A war of words was sparked over potential political motivations after state-run oil refiner CPC Corp, Taiwan (CPC, 台灣中油) on Sunday announced it would keep prices for its gasoline and diesel products unchanged for the next three weeks.
Amid mounting concerns that tensions between Iran and the US could disrupt Middle East crude exports and force up oil prices on the international market, CPC said it would not alter its prices before Jan. 29.
Democratic Progressive Party (DPP) Legislator Tsai Huang-liang (蔡煌瑯) told a press conference that the decision was made in a bid to increase support for President Ma Ying-jeou (馬英九), who is seeking re-election in Saturday’s poll.
Tsai said the Chinese Nationalist Party (KMT) was using the domestic oil price as a tool to manipulate voters.
KMT Legislator Hung Hsiu-chu (洪秀柱) defended the policy, saying the decision was made out of concern for people’s expenditures and that the DPP was guilty of having double standards.
“When they [the previous DPP administration] froze local oil prices, they said it was out of consideration for the public. Now when we [the KMT government] do the same thing, they say it was because of electoral concerns. Isn’t that a double standard?” she asked.
CPC said the policy to freeze oil prices was part of the government’s effort to keep consumer prices steady during the Lunar New Year holiday and that the freeze was in accordance with past practice.
However, critics pointed out that in the past, the measure was put in place just before the holiday period. For example, last year CPC imposed a price freeze on Jan. 31, two days before the six-day Lunar New Year holiday, with the freeze lasting for two weeks.
This year, CPC put the freeze in place two weeks ahead of the Lunar New Year holiday, which begins on Jan. 23.
With the freeze enacted, CPC’s wholesale price of 92-octane unleaded gasoline would remain at NT$30.6 a liter, 95-octane unleaded gasoline at NT$31.3 a liter, 98-octane unleaded at NT$32.8 a liter and diesel at NT$29.8 a liter.
The decision not to raise prices also came on the back of a 3.46 percent spike in global crude oil prices last week to US$109.85 a barrel, up from US$106.18 the previous week, which should have prompted a price increase of NT$0.7 a liter for CPC’s gasoline and diesel products based on the CPC’s pricing mechanism, the company said.

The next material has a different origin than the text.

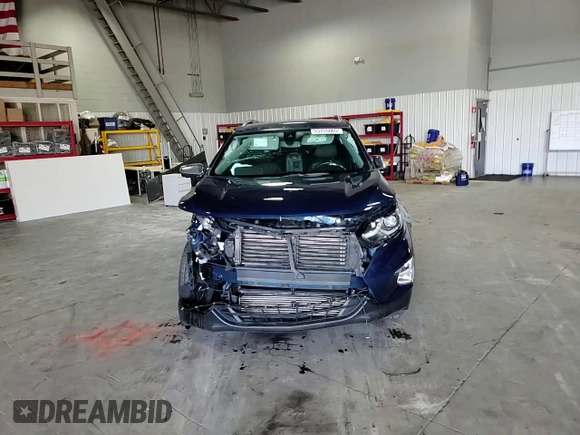 2020 Chevrolet Equinox Premier z VIN 2GNAXXEV0L6273682, wystawiony jako Copart lot #55155065 z przebiegiem 71 754 mil mil oraz Szkoda całkowita • Salvage title. Historia ofert i sprzedaży dostępna na DreamBid. Obrazek 14.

Formosa Petrochemical Corp (台塑石化), the nation’s only privately run oil refiner, announced later on Sunday that it would follow suit with CPC’s decision.

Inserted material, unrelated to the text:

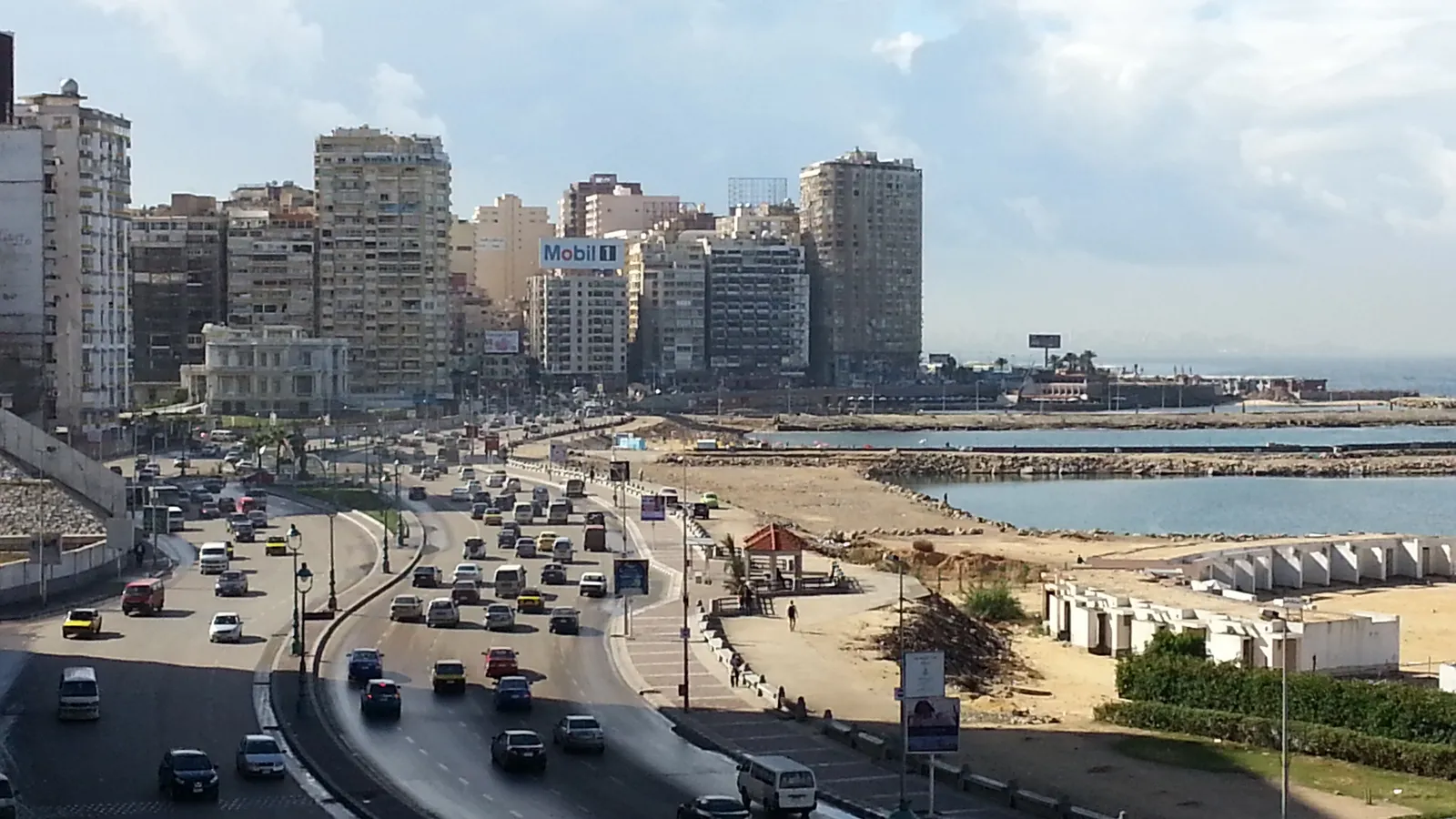 An aerial view of Alexandria's curved corniche road and beach lit by an orange sunset over the sea.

Approached by reporters for comment, Acting Premier Sean Chen denied that CPC’s decision was related to the presidential and legislative elections.

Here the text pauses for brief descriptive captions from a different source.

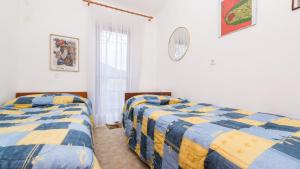 Postel nebo postele na pokoji v ubytování Apartment XXL Rio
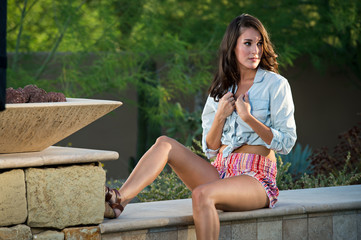 Confident beautiful brunette fashion model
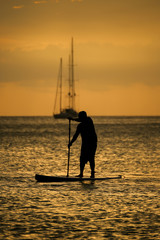 Silhouette of man with paddle and surf board sunset moment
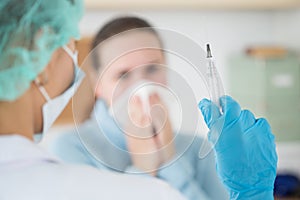 Female doctor holding syringe ready to make injection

“The decision was made by CPC in consultation with the Ministry of Economic Affairs. They did not send the proposal to the Executive Yuan for approval,” Chen said.
Every government agency had been told a month ago to keep commodity prices stable in the run up to the Lunar New Year, Chen said.
“The decision was unrelated to the election. It was just the election happened to be held near the holiday,” he said.